韩国第一个金棕榈奖。 太多nb的地方夸不过来只能说句实至名归/不是因为善良而有钱,是因为有钱所以善良。
看的有点难受,不是因为影片残忍,而是——实在太硬凹了。情节上的巧合可以理解,但一个没人找得到工作的家庭,居然能把有钱人骗得团团转,各项业务能力均过关,这就是编剧在回避问题了。开心麻花可以这样,奉俊昊也要这样吗?我也不能从这部影片中找到任何有新意的探讨,只是看他在重复着展示阶级两端的人们有多么无望和麻木。中国人(含港澳台同胞)真的太乐于享受这种假装深刻的东西了,然后在一些假问题中做着激烈辩论。最后,作为一部力求展现多重语意的电影,屁股却是歪的,朴社长一家是很蠢,可是他们做错了什么?
我对这种目的性太强,为自说自话不择手段、除了主题其他一切逻辑和节奏都不管不顾的电影大多比较反感;非常直白低级的大众电影,人物扁平又工具化,想讲阶级矛盾但是过于粗糙,弥漫着一股浓浓的东野圭吾的味道。
中产阶级和小资的口味是怪怪的。大学生、白领、小资、中产阶级,在各国,都是常出zz问题的。这些人又往往制造了很多声音,貌似主流。消费主义、奢侈攀比、焦虑浮夸基本都是这些人在搞。其实“不说话”的上层阶级、资产阶级和底层无产阶级,才是真正的主流,矛盾的主线。这部片子有毒,解毒可以看看黑泽明的七武士,看看英雄和人民的关系。
给六分吧,只能说其实就是韩国优秀影片的基本水准。很多符号埋的好,后来就又不见了,前边节奏是偷天换日后边要靠惊悚,雨夜过于情节设计,角色脸谱化太过严重,爸爸的角色诠释的最好。还有就是如果从富人一家视角拍的话,就是典型美国一家人喜提大房子遇到一堆变态然后齐心协力打到变态爸爸牺牲妈妈带着孩子搬家阳光普照ending(咦招魂?
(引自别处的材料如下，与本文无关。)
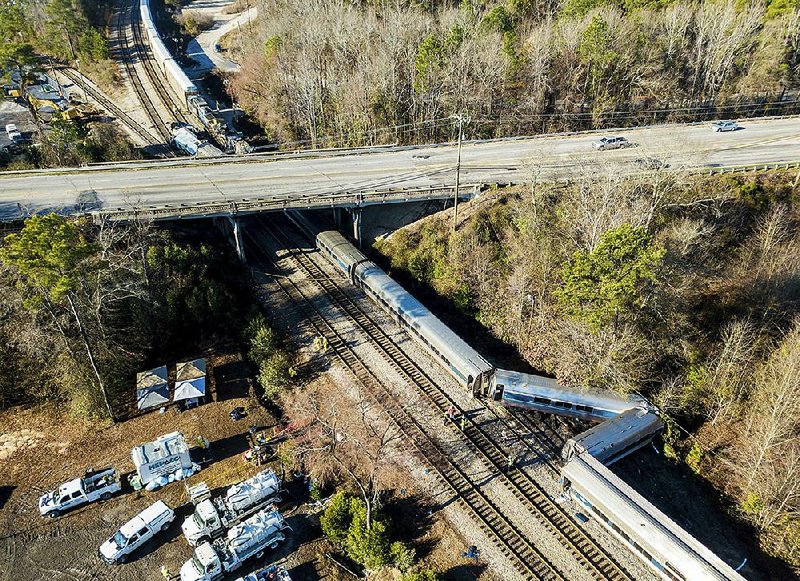 This aerial view shows the scene of Sunday’s train crash between an Amtrak train (bottom) and a CSX freight train (top left) in Cayce, S.C.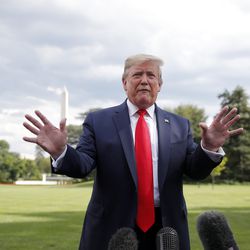 President Donald Trump speaks to members of the media at the White House in Washington, Wednesday, July 24, 2019, as he departs for a short trip to Andrews Air Force Base, Md., and onto Wheeling, W.Va., for a fundraiser. (AP Photo/Carolyn Kaster)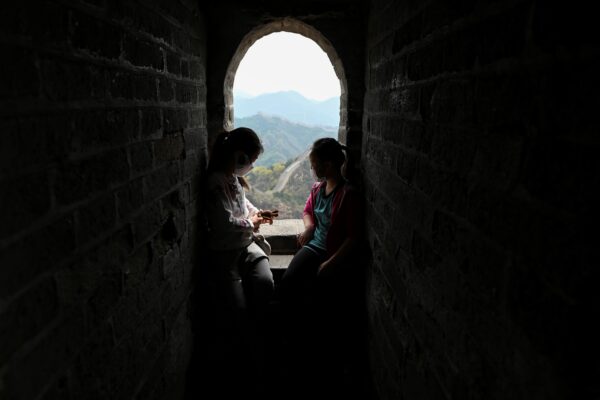 Duas crianças usando máscaras descansam durante sua visita à Grande Muralha da China, em Pequim, em 18 de abril de 2020 (Wang Zhao / AFP via Getty Images)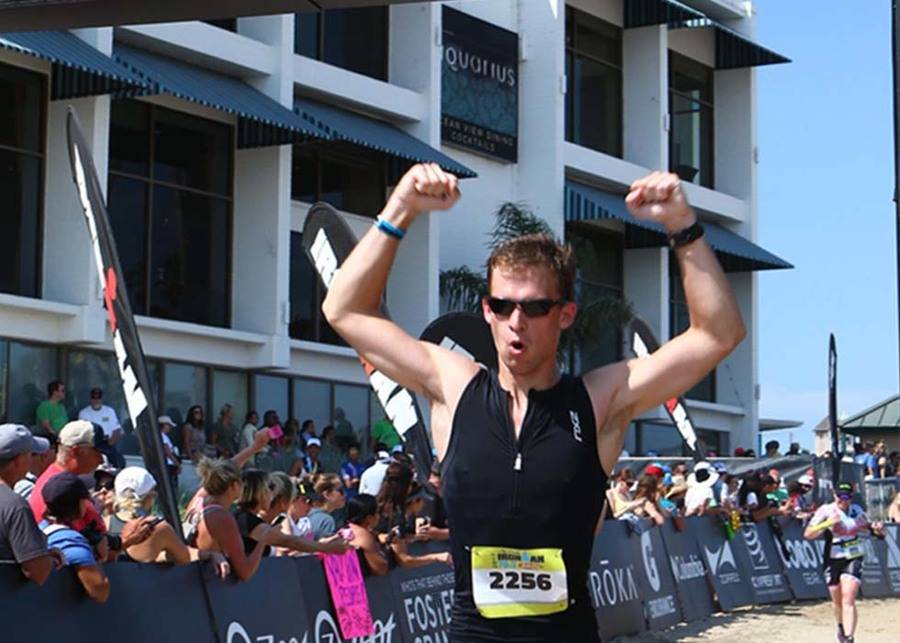 Rob Church crosses the finish line at the Santa Cruz Half Ironman.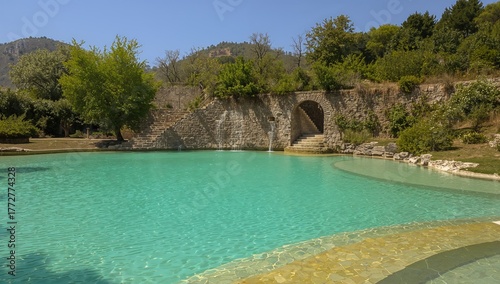 Empty natural spa with turq...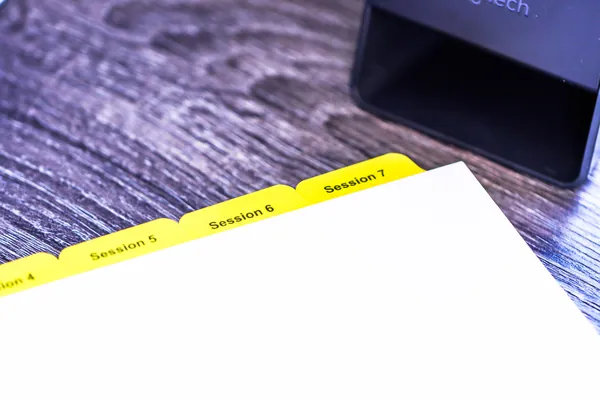 Yellow Mylar index tabs printed Session 5, Session 6 and Session 7 for a training binder
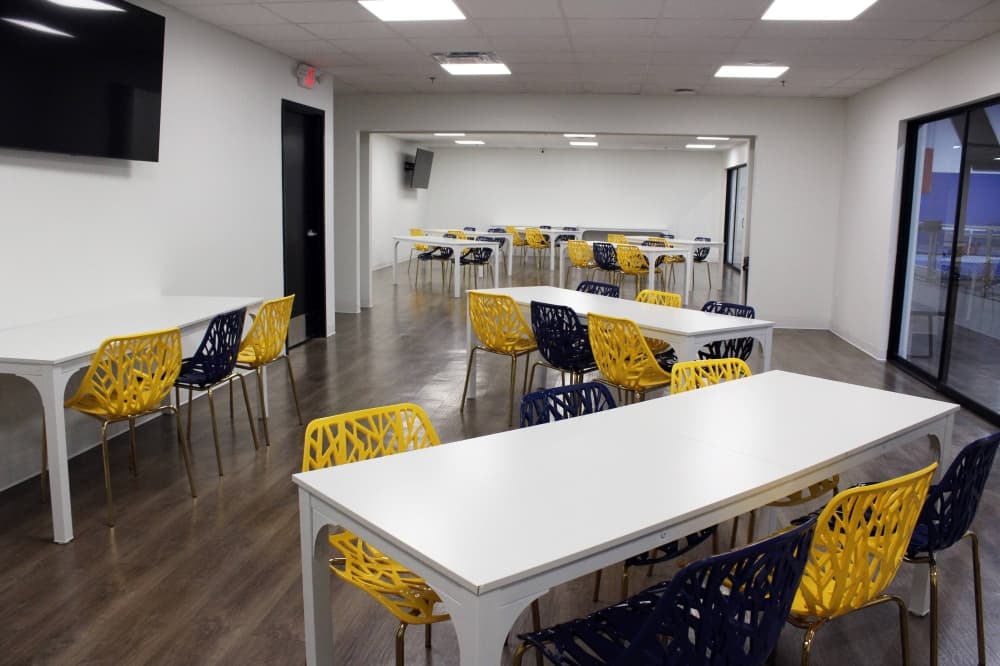 White tables surrounded by dark blue and yellow chairs in a room 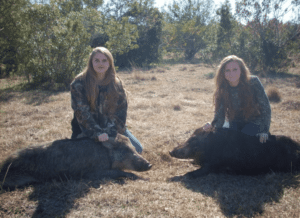 Two female hunters, each sitting with a harvested Florida Hog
6.5分技巧成分居多,视距较小。寄生虫的获奖。在我看来是韩国电影的胜利,非常明显的可以看出对韩国社会现实题材作品的脉络承接,诸多韩国电影从业者付出的努力让这一部电影在西方世界终于修成正果。个人最喜欢暴雨下逃回家的那场戏,作为全剧一个情感的高潮点,也是最能体现社会阶级差异与寄生虫的内涵的。虽然暗示和对应如此精彩。但是到了现实讨论又暴露出情节的高度工具化,这在商业作品范畴当然算是优点,只是作为艺术表达来说还是稍显稚嫩。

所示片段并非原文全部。